なぜ半クラ操作が必要? MT仕様のバイク操作
クルマでもバイクでも、MT仕様のモデルを運転する際は、必ず半クラ操作が必要となります。この、半クラ操作というのは、何の役に立っているのでしょうか。
半クラはエンジンの動力をスムーズに伝えるための準備運動
MT仕様のバイクやクルマを運転する際に、必要な操作である半クラ。その感覚をつかむのに苦労した経験がある人も多いのではないでしょうか。
この、慣れが必要な半クラ操作には、一体どのような役割があるのでしょうか。

半クラ操作は、エンストさせないようにエンジンの動力を少しずつ伝えるための操作です。半クラ操作をせずに、停車状態から一気にクラッチを繋いでしまうと、エンジンがエンストするだけでなく、クラッチ盤が破損したり、異常摩耗をしたりする原因となります。またバイクの場合、エンストをしなくても車体が急発進してしまい、コントロールを失いうことでそのまま転倒する危険性が高まります。
そんな半クラ操作はバイクの場合、クラッチレバーを握りこんでギアを1速に入れてから、アクセルを開けながら、徐々にクラッチレバーを離していきクラッチを繋ぎます。
このクラッチというのは、MT仕様のバイクやクルマに搭載されている動力伝達装置のこと。クラッチは、エンジンとトランスミッション(変速機)の中間にあり、エンジンの動力がタイヤに伝わるようにする装置。同時に、エンジンの動力を遮断したりするスイッチのような役割も果たしています。
ただし、一般的な電灯のスイッチのように、オン、オフを連続して切り替えるような使い方をしてはいけません。特に、MT仕様のバイクやクルマの発進時には、エンジンの動力をゆっくりと繋げるように半クラ操作するようにしましょう。

半クラ操作を主に使用するのは発進時。停車からのスタート時や断続渋滞などが代表的です。では、半クラ操作をするにあたって注意すべき点は、あるのでしょうか。

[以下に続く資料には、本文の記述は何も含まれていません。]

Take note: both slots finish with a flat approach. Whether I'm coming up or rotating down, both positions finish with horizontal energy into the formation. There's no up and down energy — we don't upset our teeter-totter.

まず、走行中のシフトチェンジでは、半クラッチ操作の多用は禁物。走行中は、発進時のようにクラッチを穏やかに繋ぐ必要はありません。特にギアを上げるシフトアップでは、クラッチは「ポンと繋ぐ」と表現されることもあり、ほぼ半クラ操作は不要。反対にギアを落とすシフトダウンの際は、そのままクラッチをすぐに繋ぐと、ガクンと大きなショックが起きる場合があるので注意してください。

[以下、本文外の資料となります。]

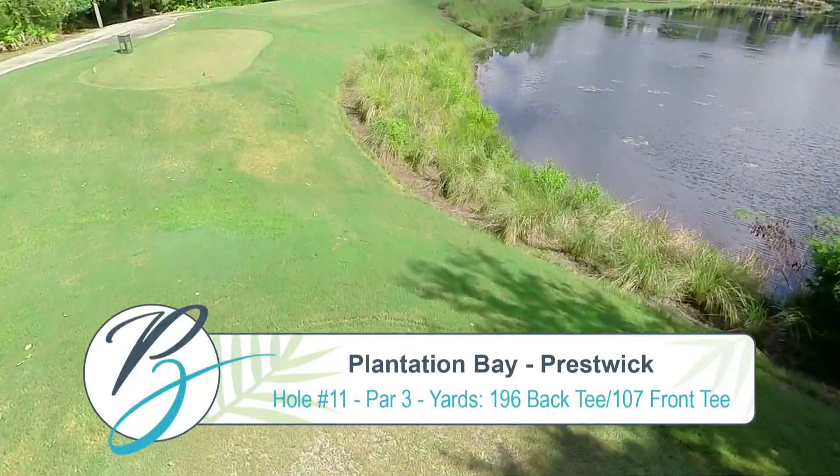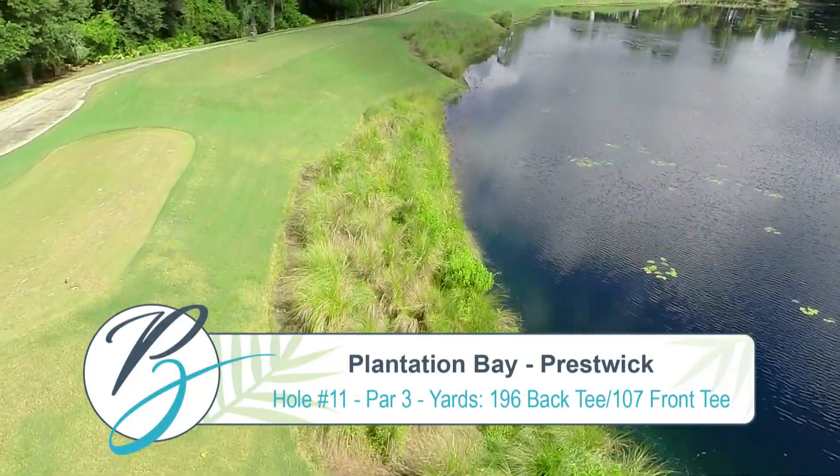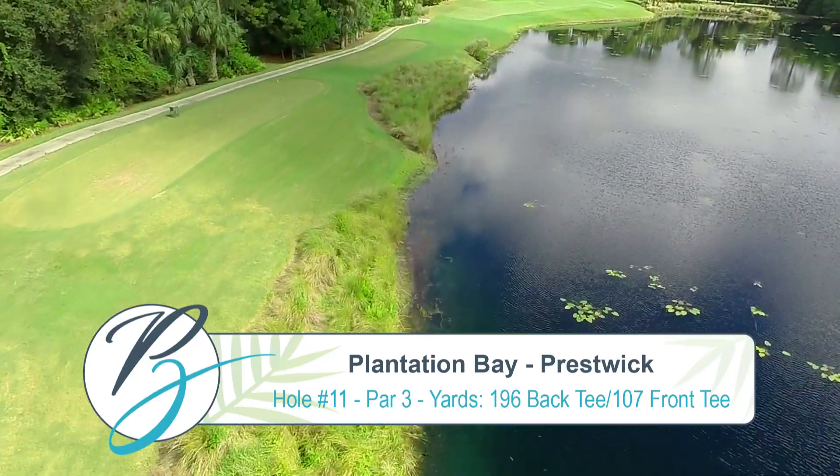Hole 11 is the first par 3 on the back 9, measuring 196 from the tips and 107 from the ladies.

シフトダウン時はクラッチを繋いだ時のショックを穏やかにするために、短く半クラ操作をおこなうケースもあります。ただし、必要以上に半クラ操作を使用すると、クラッチ盤が消耗してしまうため、走行中の半クラは最小限に留めることがおススメ。クラッチの摩耗が進むと、クラッチを繋いでも動力がタイヤに伝わらなくなったり、反対にクラッチが切れなくなったりしてしまいます。
そうなると、クラッチ盤を交換する必要がありますが、クラッチの部品代と交換費用は安いものではありません。もちろん、クラッチ盤は長期的に使用することで摩耗して交換が必要となる消耗品ではありますが、上手に使用することで、できるだけ長持ちさせたほうが無駄な費用が抑えられます。

半クラの感覚は車両ごとに特徴があるため、使いこなすには、まずは慣れることが大切です。初心者ライダーは、半クラッチ操作は少ないほど車体には良い旨や、クラッチの繋がる位置を把握しておくと良いでしょう。
アイドリング状態からフロントブレーキを握り、クラッチを切ってギアを1速に入れ、次にクラッチレバーを徐々に放していくと、クラッチが繋がる位置を探ることができます。この時に、アクセル操作はしないように注意してください。